In October 1997, Carinthia held a public consultation on whether the region should pursue the bid with Friuli-Venezia Giulia and Slovenia. About 415,000 Carinthians were eligible to participate in the vote. Friuli-Venezia Giulia later adopted regional legislation concerning financial guarantees connected to the possible staging of the 2006 Winter Olympics.

==Bid process==
The bid was considered under the revised IOC procedure used after the Salt Lake City bidding scandal. Planned visits by IOC members to candidate cities were canceled under the reform process, which affected Klagenfurt before the final presentations in Seoul. Franz Klammer, the 1976 Olympic downhill champion, led the Austrian presentation team and said the cancellation of the visit disadvantaged the bid because IOC members could not see the proposed venues.

Klagenfurt was not advanced to the final IOC vote. At the 109th IOC Session in Seoul on 19 June 1999, only Turin and Sion were submitted to the full vote, with Turin defeating Sion 53 votes to 36.

==Promotion==
The bid committee promoted the candidacy as "Winter Games without borders". In January 1999, a promotional event at Weissensee in Carinthia brought together young athletes and Olympians from the three bid regions in support of Klagenfurt 2006.

==Legacy==
The cross-border Olympic concept continued to be referenced after the failed bid.

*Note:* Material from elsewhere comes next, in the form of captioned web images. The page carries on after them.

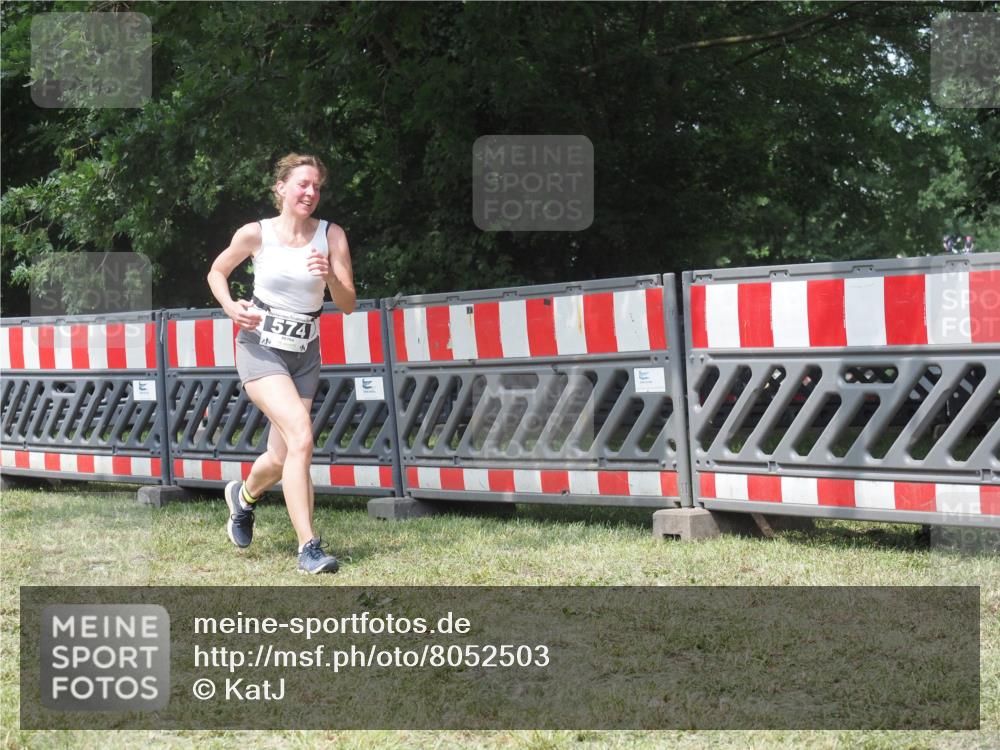 21.06.2025 - 27. Vierlanden-Triathlon KatJ http://msf.ph/oto/8052503 15.06.2025 11:59:02 Ziel 574 meine-sportfotos.de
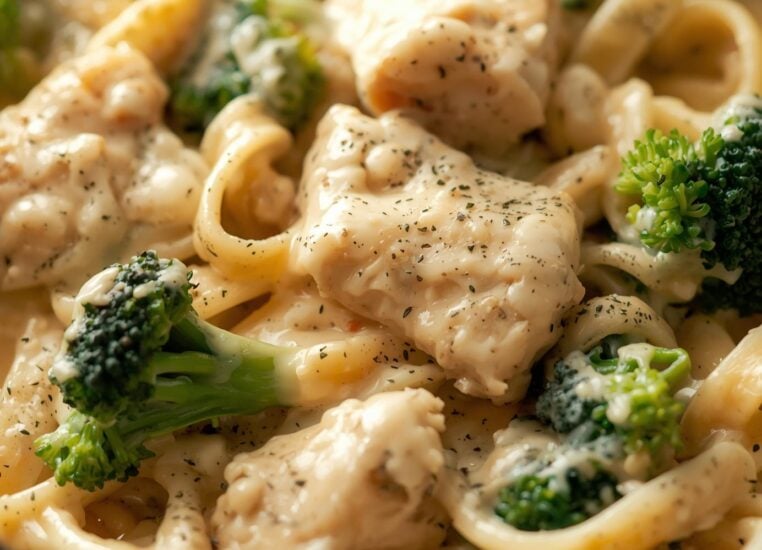 Creamy Chicken Broccoli Alfredo Recipe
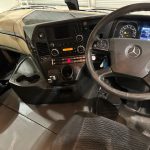 Mercedes Actros 2530 6×2 Sleeper Cab Curtainsider - thumbnail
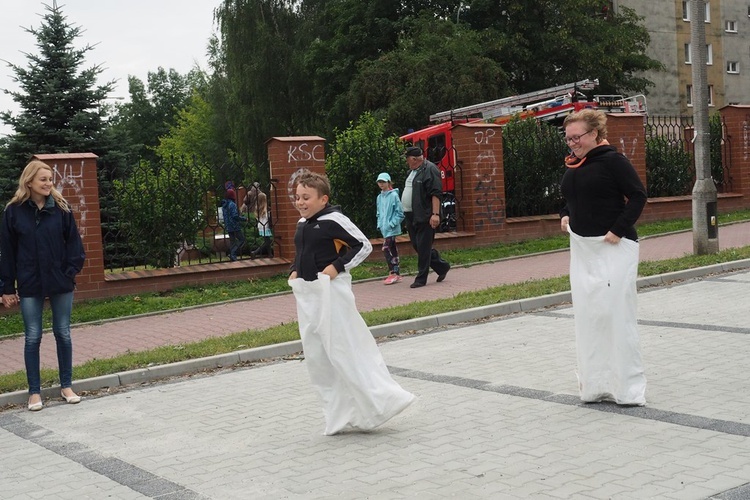 Piknik w parafii MB Nieustającej Pomocy w Mistrzejowicach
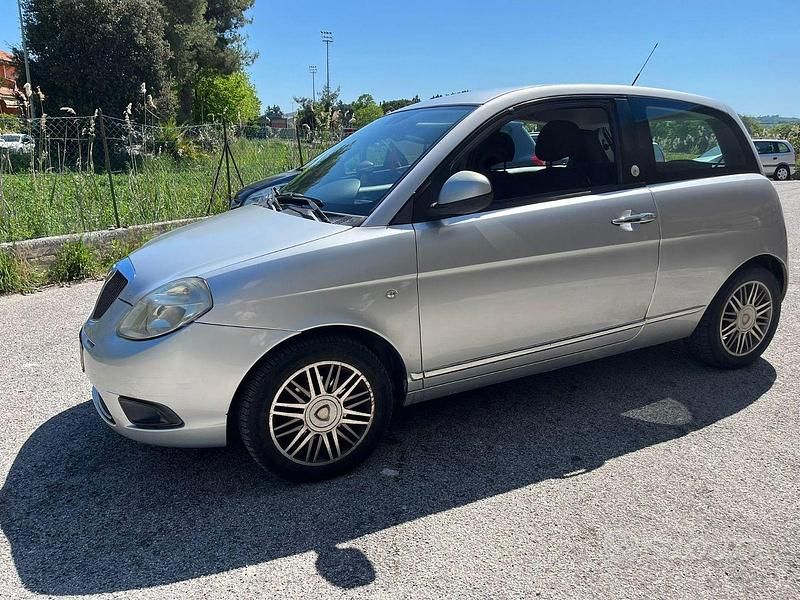 Usata Lancia Ypsilon 77 CV (56 kW) 2010 Grigio Utilitaria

In 2022, the Carinthian government described a possible future Olympic candidacy involving Carinthia, Slovenia and Friuli-Venezia Giulia as a revival of the late-1990s Senza Confini bid for the 2006 Winter Olympics.

==Venues==
The proposed venues were located in three countries:

===Austria===
- Klagenfurt - ceremonies, main olympic village (Valden), women's ice hockey (Klagenfurt Trade Fairs), figure skating, short track, speed skating, curling (temporary ice rink)
- Nassfeld - alpine skiing (men's downhill, the combined downhill and super-G)
- Arnoldstein - alpine skiing (women’s downhill, combined downhill and super-G)
- Hohenthurn-Achomitz - biathlon
- Bad Kleinkirchheim - snowboard

===Italy cluster===
- Tarvisio - alpine skiing (women’s slalom, combined slalom and giant slalom), freestyle skiing, cross-country skiing, Nordic combined
- Cortina d'Ampezzo - Eugenio Monti track for bobsleigh, luge, and skeleton

===Slovenia cluster===
- Ljubljana - men's ice hockey (two venues: Tivoli Hall and University Hall)
- Kranjska Gora - alpine skiing (men's slalom, combined slalom and giant slalom)
- Planica - ski-jumping, Nordic combined

==Aftermath==

Klagenfurt 2006 was the second of four consecutive bids to host the Winter Olympics in Austria. Ganz submitted a bid to host the 2002 Winter Olympics, and Salzburg submitted bids to host the 2010 Winter Olympics and 2014 Winter Olympics.

The Italian town of Tarvisio previously bid for 2002 Winter Olympics and later became a part of the Klagenfurt 2006 bid. Cortina d'Ampezzo hosted the 2026 Winter Olympics jointly with Milan, and used the Cortina Sliding Centre, which is a full reconstruction of the Eugenio Monti Olympic Track that was a proposed venue for the Klagenfurt 2006 bid. Organizers for the 2026 Winter Olympics were encouraged by the IOC to use an existing sliding track in Innsbruck, Austria, but using venues in another country was met with protests from the Italian government.